Who has felt personally victimized by the short shelf life of dark leafy greens? That bag of spring mix, spinach, or arugula gets thrown in the grocery cart with the best intentions and ambitions. Unfortunately, it won’t be long before those delicate greens turn too brown and wilted to enjoy.
If our greens are consistently rotting before we get to them, is it even worth the purchase? Nutritionally speaking, absolutely. The USDA recommends at least 3 to 4 cups raw leafy greens, or 1 1/2 to 3 cups cooked greens per week. This is because dark green veggies contain nutrients like vitamin A, vitamin C, antioxidants, fiber, folate, vitamin K, magnesium, calcium, iron and potassium. These vitamins and minerals play a lot of roles in our bodies such as supporting a healthy immune system and good eye and bone health. The antioxidants also protect our cells from damage that may reduce our risk of certain types of cancers.
So in the name of health—and delicious food—let’s acknowledge that it is possible to finish out those dark leafy greens while they’re still fresh. It just takes a little creativity and conscious effort. There are uses for greens when they are at their peak of freshness, and other uses that repurpose them for when they are slightly wilted or on their way out. Let’s take a look at both!
Crisp and Fresh
Fresh green salads are the obvious choice for your crisp freshly bought greens. But remember, there is more to a salad than veggies and dressing if you’re looking for exceptional flavor. Check out our blog post here to learn out to perfectly balance the flavors of your green salads.
If you’ve let your greens sit in the fridge past their prime, have no fear. There are plenty of ways to incorporate them despite their loss of crispness.
First off, you can attempt to revive them. Soaking them in ice water then spinning them dry in a salad spinner can bring back some of the original texture. If they are beyond reviving, let’s look into some other options.

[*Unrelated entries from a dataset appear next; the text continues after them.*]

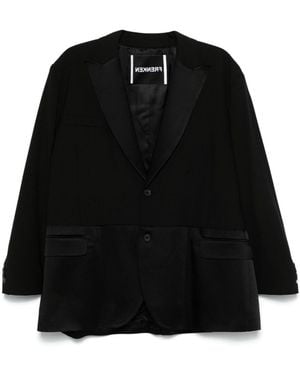 frenken Satin-Trim Blazer - Black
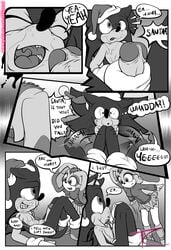 big_penis christmas clothing comic cream_the_rabbit doujinshi furry hat hedgehog holidays invalid_tag long_sleeves mammal monochrome penis santa_hat skirt sonic_(series) sonic_the_hedgehog tc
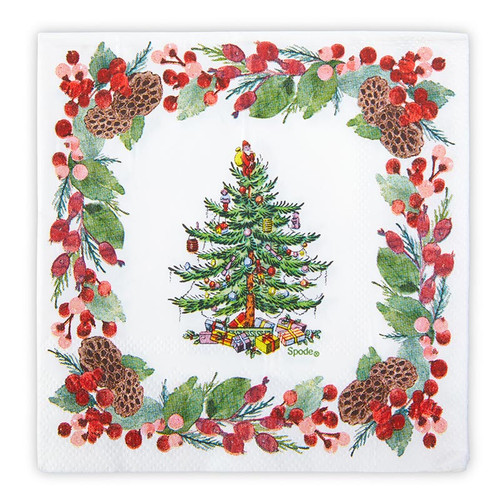 Beverage Napkins - Spode Pinecones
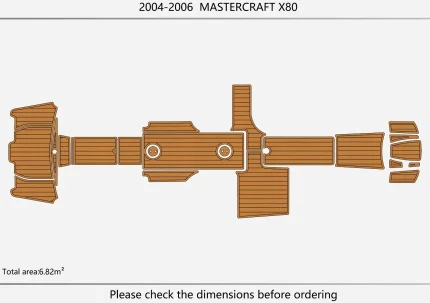 2004-2006 Mastercraft X80 Marine teak deck EVA Foam Boat flooring
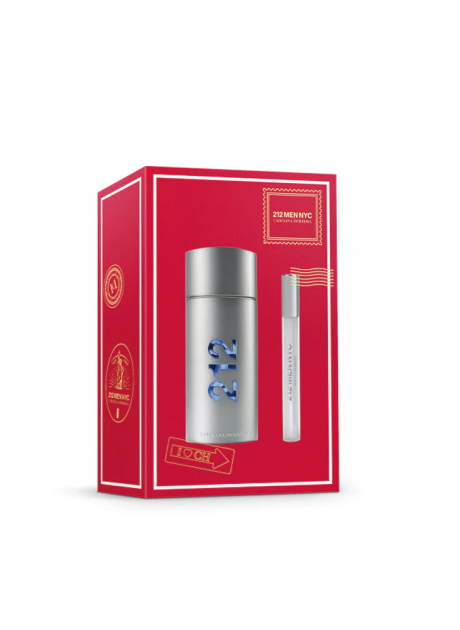 Cofre Carolina Herrera 212 Men edt 100 ml+Mini edt 10ml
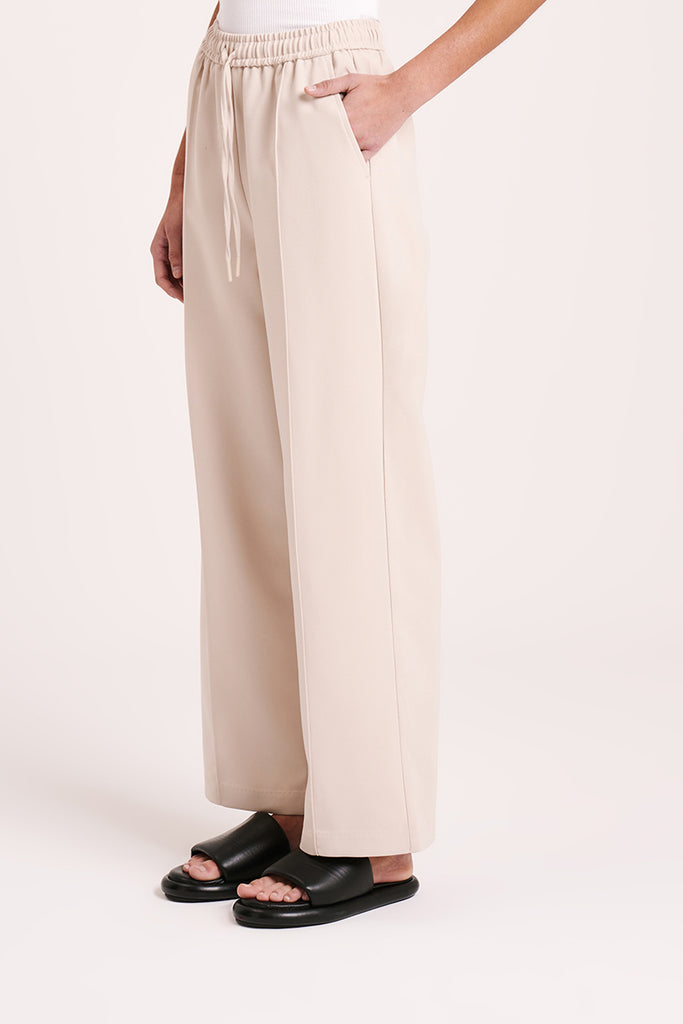 Shop Jai Pant in Oyster | Nude Lucy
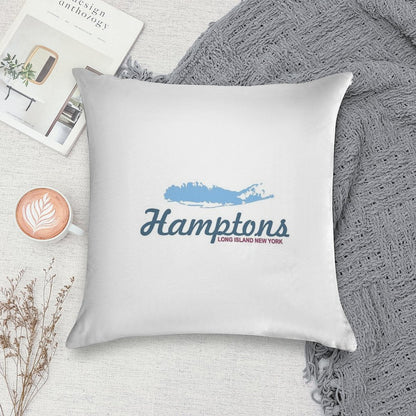 The Hamptons - Long Island. Soft Washable Throw Pillow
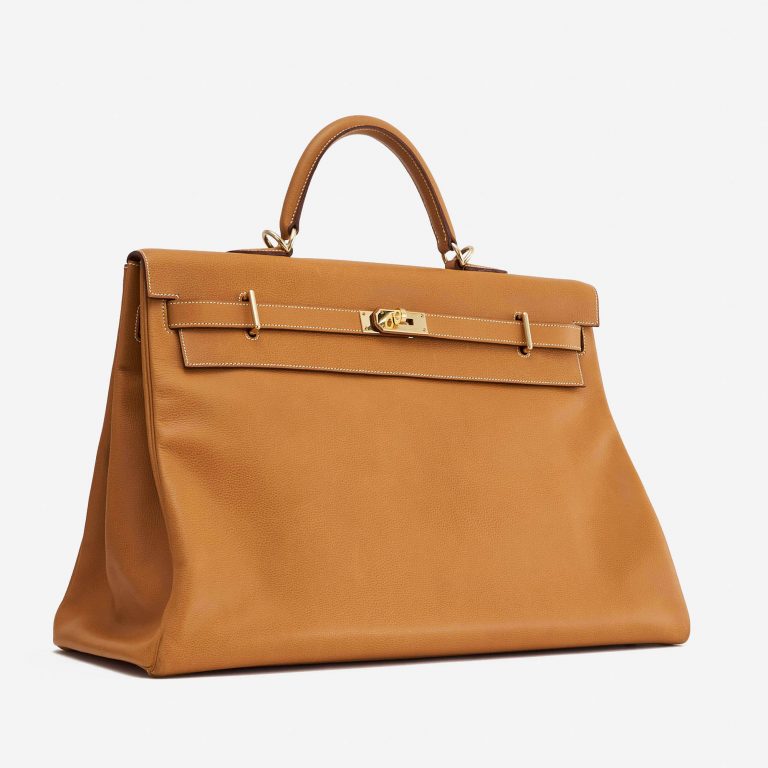 Pre-owned Hermès bag Kelly 50 Ardennes Natural Beige, Brown | Sell your designer bag on Saclab.com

Smoothies: This is a great option for when you want to use up those greens, but aren’t in the mood for the flavor or texture. It is also nice that there is no cook time to wait around for, only blend time. Check out our Coco Chia Smoothie for a refreshing, sweet treat.
Sauté: A quick sauté with aromatics like garlic and onion can be a nutrient and flavor powerhouse to accompany any entrée. For a recipe and serving suggestion, check out our recipe here.
Stews and Soups: A handful of greens will add a last-minute boost of nutrients, color, and texture to the mix. Below are just a few recipes greens would work well in:
Omelet: Greens are a great way to dress up eggs, any meal of the day. Recipe or no recipe, come up with your unique ingredient combination and watch it come together in minutes. If you prefer to follow a recipe, check out Chef Lesli’s Omelet with Spinach and Mozzarella.
Chiffonade and Garnish: Chiffonade is a technique used to slice leafy greens or herbs into thin ribbons. This can make them more manageable for those looking to avoid stems or bulky leaves. Small amounts of leftover greens work great as a colorful garnish. Examples could include on pizza or in pasta or rice dishes.
Freeze: Are you too short on time and motivation to cook something right this second? That’s okay, throw those greens in a freezer bag, and use them later in any of the above dishes. Check out our blog post for other tips on freezing produce.
We hope this post inspires you to take the plunge and buy that bag of spring mix. Use the above tips and your own creativity to save the spring mix and use it in delicious ways before it has a chance to go bad. You’ve got this!